Dataset section:
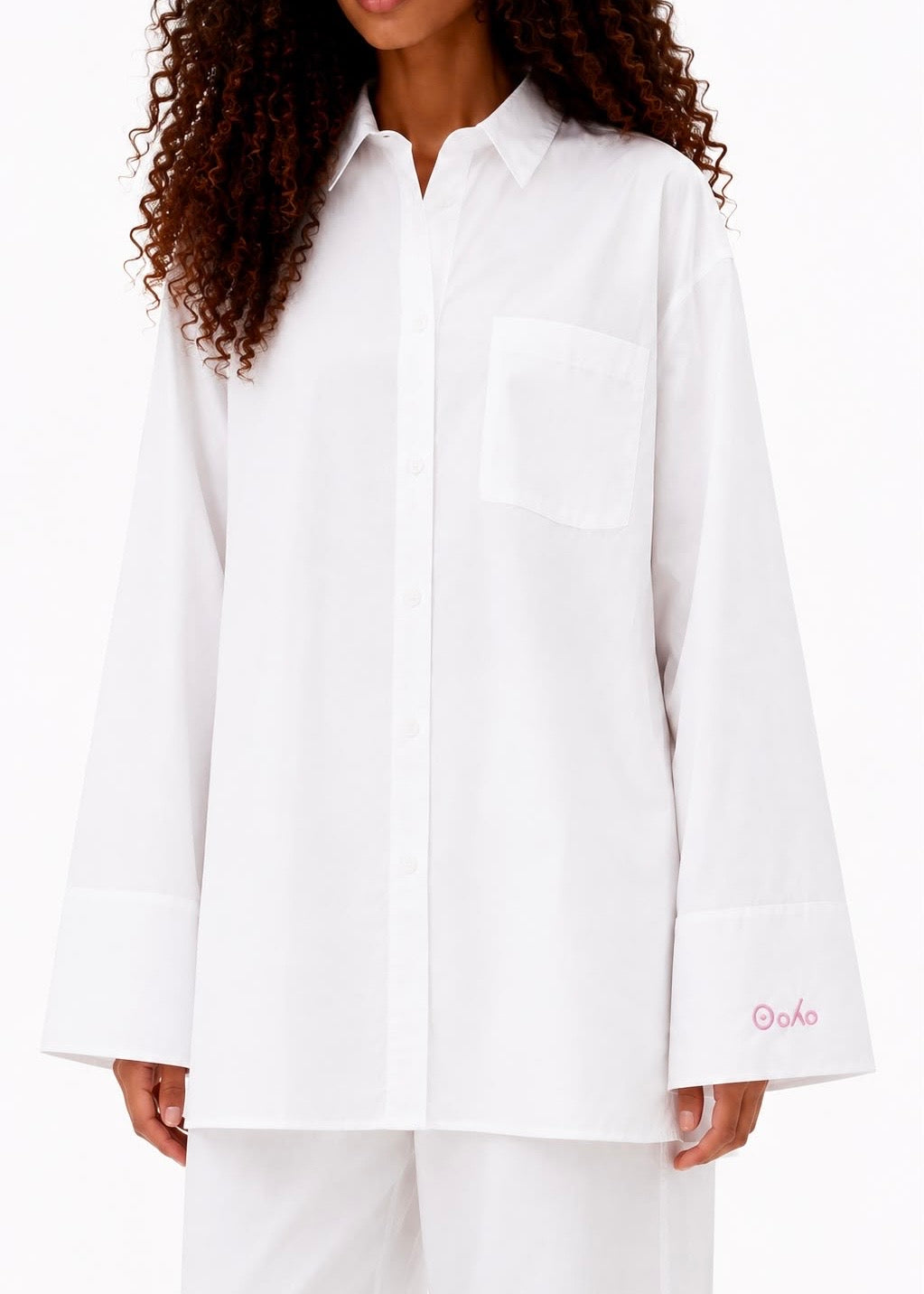 Oversized Cotton Shirt - White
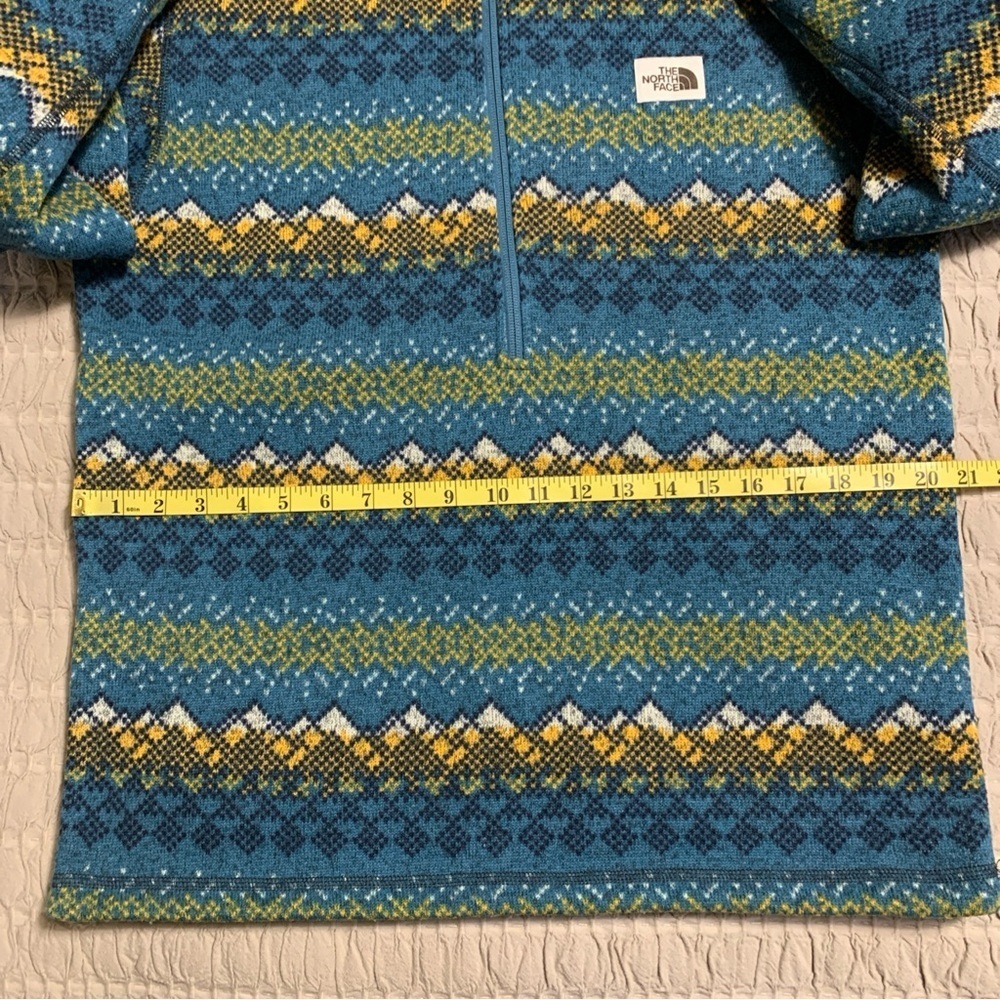 The North Face Men's 1/2 Zip Fair Isle Pullover Jacket SZ M Aztec Print - Picture 12 of 14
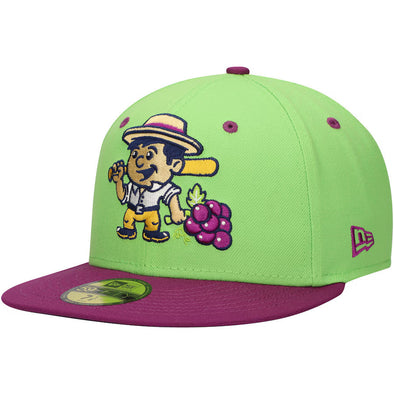 Viñeros de Tri-City New Era Copa de la Diversión 59FIFTY Fitted Hat - Neon Green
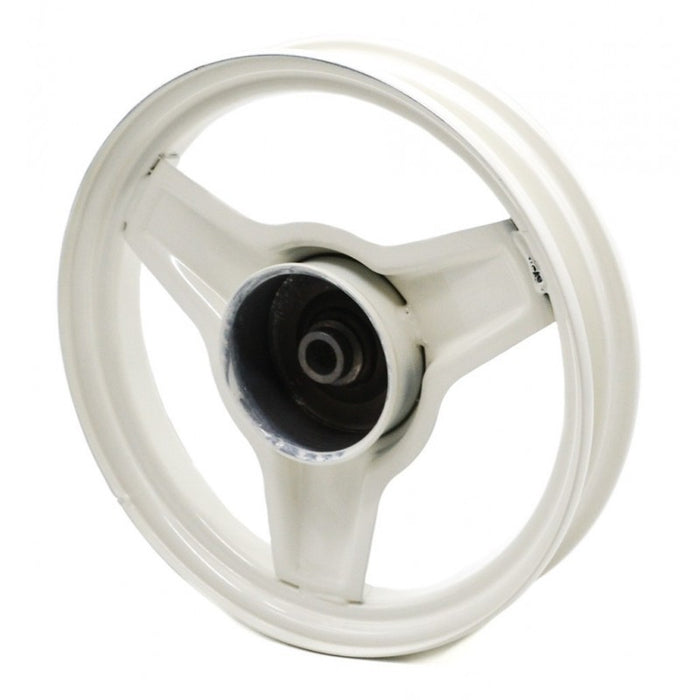 ROUE ARRIERE  YAMAHA PEEWEE PW50 BLANCHE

What to produce: Reproduce the lines of the listing exactly, starting at the one that contains "The North Face" and continuing through the final line, but leave out the pictures.

Finished exercise:
 The North Face Men's 1/2 Zip Fair Isle Pullover Jacket SZ M Aztec Print - Picture 12 of 14
 Viñeros de Tri-City New Era Copa de la Diversión 59FIFTY Fitted Hat - Neon Green
 ROUE ARRIERE  YAMAHA PEEWEE PW50 BLANCHE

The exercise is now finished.